Around 3 p.m., the weather to the south of the Salzburg Airport clears enough to permit a departure. I strap into the front co-pilot/gunner’s seat of the Cobra, while Schwarz takes the pilot’s seat above and behind me. Vertical photographer Lloyd Horgan climbs into an Airbus AS350 camera ship along with part-time Red Bull pilot Christoph Oberhumer, and we take off as a flight of two.

Soon we’re out of the clouds and into dazzling sunlight, headed for the towering, snow-streaked mountains south of town. We know that our window for a photo shoot is limited, so Schwarz is in full control for this part of the flight while I sit back and enjoy the view — and what a view. Schwarz guides us alongside the sun-drenched, southwest-facing slope of an 8,000-foot peak, where we park in an out-of-ground-effect hover while the camera ship makes slow orbits around us. Even when we catch a burst of the AS350’s downwash, the Cobra maintains plenty of performance margin.

The Cobra outside of Red Bull’s legendary Hangar-7 in Salzburg.

Once the photo shoot is substantially complete, Schwarz gives me a turn on the controls. As with the Mil Mi-24 Hind which entered service a few years after the Cobra — and which I had the opportunity to fly in 2017 — the Cobra’s front seat is designed primarily for shooting, not flying. The Hind’s designers gave the co-pilot/gunner plenty of room by creating a stowing mechanism for a conventionally floor-mounted cyclic. Bell instead gave the co-pilot a side-mounted cyclic, prefiguring by 50 years the sidestick controllers on the state-of-the-art, fly-by-wire Bell 525.

I haven’t flown the 525 yet, but I’m guessing its cyclic control is a little smoother than the Cobra’s. Nevertheless, it doesn’t take long to get used to the sidestick controller. Like the Huey it’s derived from, the Cobra is an easy helicopter to fly, although obviously more agile and responsive. Unfortunately, I won’t get a chance to put it through its paces, as clouds are once again starting to pool in the low-lying terrain around Salzburg. We turn back to the airport, racing to make it home before the weather shuts us out.

The author in the front seat during a late-afternoon photo shoot.
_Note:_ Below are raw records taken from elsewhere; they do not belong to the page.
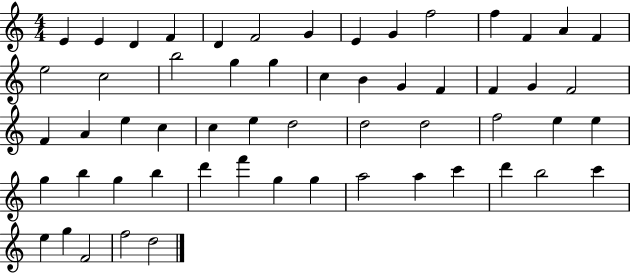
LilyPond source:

{
  \clef treble
  \numericTimeSignature
  \time 4/4
  \key c \major
  e'4 e'4 d'4 f'4 | d'4 f'2 g'4 | e'4 g'4 f''2 | f''4 f'4 a'4 f'4 | \break e''2 c''2 | b''2 g''4 g''4 | c''4 b'4 g'4 f'4 | f'4 g'4 f'2 | \break f'4 a'4 e''4 c''4 | c''4 e''4 d''2 | d''2 d''2 | f''2 e''4 e''4 | \break g''4 b''4 g''4 b''4 | d'''4 f'''4 g''4 g''4 | a''2 a''4 c'''4 | d'''4 b''2 c'''4 | \break e''4 g''4 f'2 | f''2 d''2 | \bar "|."
}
We’re too late. Fog now blankets the airport, and it quickly becomes apparent that no visual flight rules traffic will be getting in or out for the rest of the day. It’s time for Schwarz’s back-up plan, which is an approved off-airport landing zone at a Red Bull property about a 10-minute flight away. That location is at a higher elevation, so it’s still above the clouds when we land and shut down on a grassy field. Visible moisture continues to pool in the valleys, however, and by the time we catch a ride back with Red Bull chief fixed-wing pilot Raimund Reidmann, the fog is so thick that even driving is a challenge.
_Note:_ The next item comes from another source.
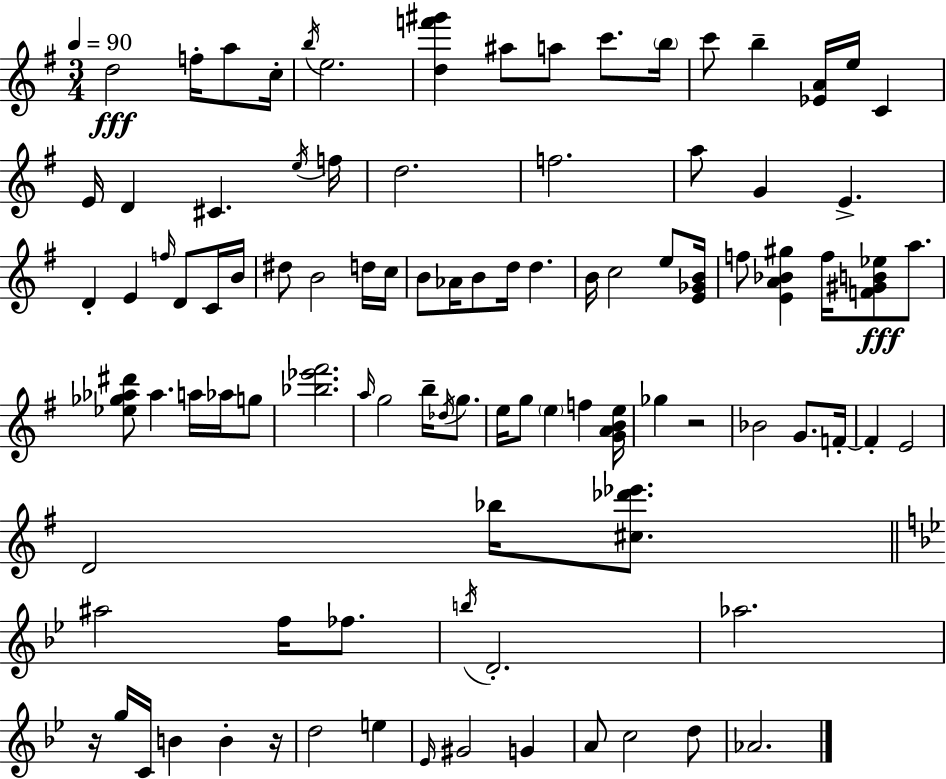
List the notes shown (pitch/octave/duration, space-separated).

D5/h F5/s A5/e C5/s B5/s E5/h. [D5,F6,G#6]/q A#5/e A5/e C6/e. B5/s C6/e B5/q [Eb4,A4]/s E5/s C4/q E4/s D4/q C#4/q. E5/s F5/s D5/h. F5/h. A5/e G4/q E4/q. D4/q E4/q F5/s D4/e C4/s B4/s D#5/e B4/h D5/s C5/s B4/e Ab4/s B4/e D5/s D5/q. B4/s C5/h E5/e [E4,Gb4,B4]/s F5/e [E4,A4,Bb4,G#5]/q F5/s [F4,G#4,B4,Eb5]/e A5/e. [Eb5,Gb5,Ab5,D#6]/e Ab5/q. A5/s Ab5/s G5/e [Bb5,Eb6,F#6]/h. A5/s G5/h B5/s Db5/s G5/e. E5/s G5/e E5/q F5/q [G4,A4,B4,E5]/s Gb5/q R/h Bb4/h G4/e. F4/s F4/q E4/h D4/h Bb5/s [C#5,Db6,Eb6]/e. A#5/h F5/s FES5/e. B5/s D4/h. Ab5/h. R/s G5/s C4/s B4/q B4/q R/s D5/h E5/q Eb4/s G#4/h G4/q A4/e C5/h D5/e Ab4/h.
Even at higher altitudes, Red Bull’s Cobra has plenty of performance.

The dreary weather persists into the next day, and I’m not able to stick around long enough to see the Cobra safely returned to Hangar-7. I have to imagine it back under its glass dome, patiently waiting out winter and a surging pandemic. Summer will return eventually, along with air shows, and with them, we have to hope, some sense of normalcy. When they do, the Cobra will be ready.